On 8-Nov-07, at 4:34 PM, Chris Hostetter wrote:
>
> : First, how to determine whether the filter-embedding would be
> effective? We
> ...
> : really available. It can be estimated assuming the filter and
> query are
> : independent, but this definitely isn't always true. If the filter
>
> I was assuming we could use a simple hueristic...
> if( configOption < docSet.size()/numDocs() )
Another case that comes to mind is if the matching query is a
MatchAllDocsQuery, in which case the filter should probably be used
directly.
> : Second, embedding the filter itself. This is much more
> nettlesome within
> : SolrIndexSearcher than within one of the request handlers. One
> problem is the
>
> really? why should it be?
Sorry, that sentence was the product of thinking-while-responding,
which is always a recipe for being wrong <g>. I had a particular
query structure in mind, one that had the matching clauses embedded
in the inner "core" of the query with several layers of score
modification queries wrapped on top of this (e.g. dismax's various
boost queries; yonik's multiplicative boost queries).

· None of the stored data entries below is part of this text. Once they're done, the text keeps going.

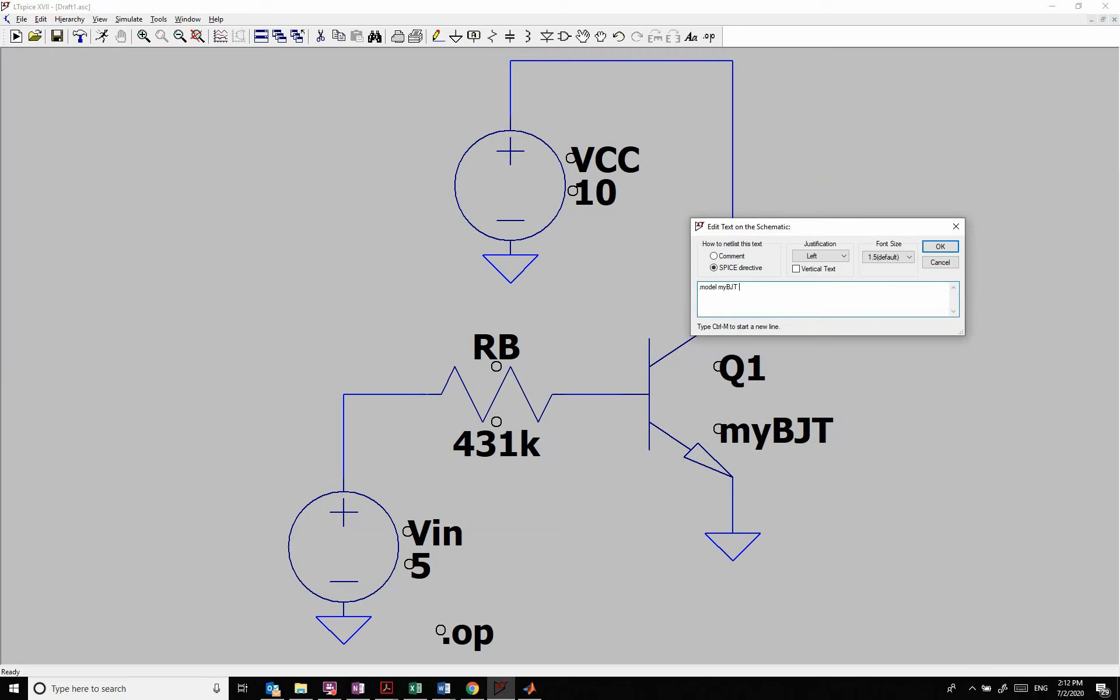And I'm going to use what's called AKO, which is a kind of, and then we're going to go to 2N3904. So what this is saying is that my model, which is called my BJT is a kind of 2N3904. So that's a kind of this, but, and then I can change a parameter so I can go BF equals 100.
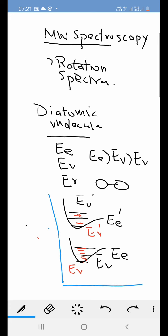Concentrating on microwave spectroscopy: microwave spectroscopy will only arise if the rotation causes a change in dipole moment. Now the energy levels of rotational spectra are given as follows.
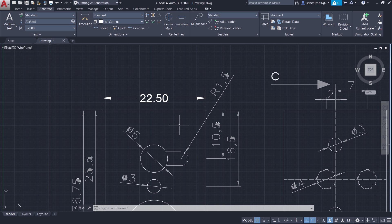So this is how you import a PDF file to AutoCAD and scale the drawing to match with the exact dimension in the PDF file.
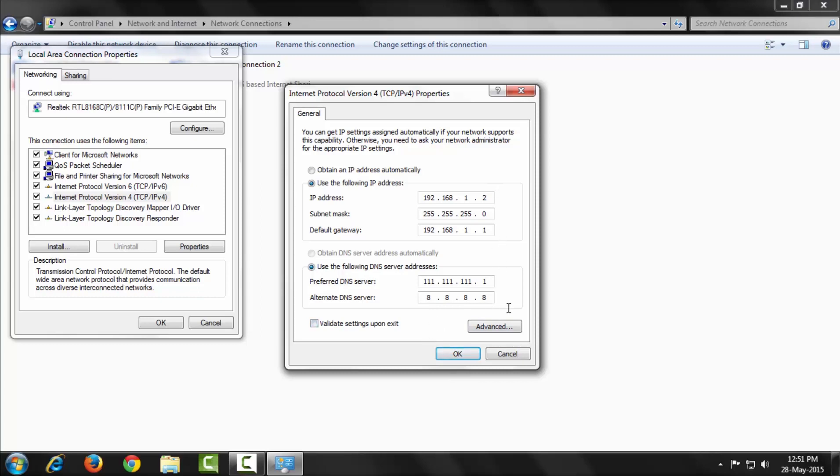If you don't know your preferred DNS server and alternate DNS server, contact your Internet provider. If you do not provide this information, it won't connect to the Internet. If you don't need to connect to the Internet and only need to connect to a different network, skip these steps and don't enter the DNS server addresses.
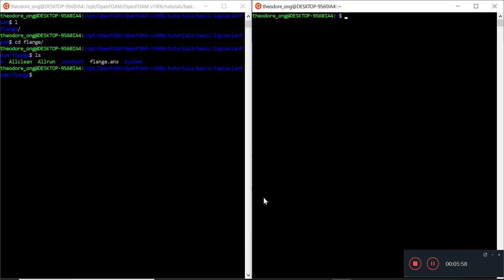So we're going to cover laplacianFoam, buoyantPimpleFoam, chtMultiRegionFoam, and the steady-state variants as well if we have time. You should already have at least some basic knowledge of OpenFOAM. If you're not sure, you can look through my basic OpenFOAM for Windows 10 playlist — it's in the description — which covers boundary layer stuff, basic flows, snappyHexMesh, and other utilities.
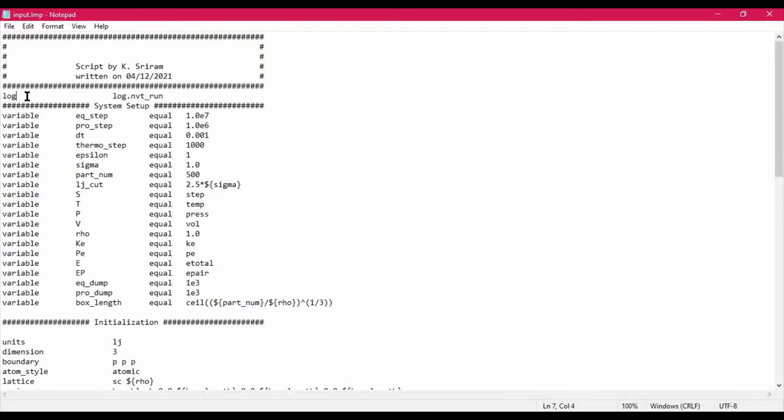The first line I have written here is the log command. This command writes a log file so that everything that LAMMPS does during its run gets stored into a log file. This is particularly done to check for any kind of errors or mistakes if there are any when you perform your simulations.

I was
imagining that it was necessary to embed the filter clauses in the
"core" to produce an effective implementation. By the time I
finished my response, I had read enough of the relevant Lucene scorer
code (in particular, ReqOptScorer) to realize that the benefits would
be had using an outer-layer ConjunctionQuery as well.
> anything the request handler can do to much with the Query object
> SolrIndexSearcher can do as well .. and by the time
> getDocListNC/getDocListAndSetNC are called the "pure negative"
> issues are
> alrady resolved.
>
> The only difference is that in those methods we already have a DocSet
> (instead of a Query) but it should be easy to wrap a DocSet in a
> Query to
> add to the main query.
>
> : ISTM then that the main challenge is in determining when the filter
> : intersection should be embedded. Also, the ability to control
> filter caching
> : is still difficult with this implementation, but perhaps that's less
> : important.
>
> yeah ... it seems like there are two orthoginal use cases...
> 1) "here is an 'fq', i know it's not worth caching" ... in which we
> don't put it in the filterCache.
> 2) "here is an 'fq'" ... in which we get the DocSet and add it to
> the
> main query if it's small.
>
> for any given input, 1 and 2 might both apply, or just 1, or just 2
True. I'm tempted to implement a <!nocache> directive via embedding
(without advertising the fact), and work on the fq optimization
separately.
Thanks,
-Mike
|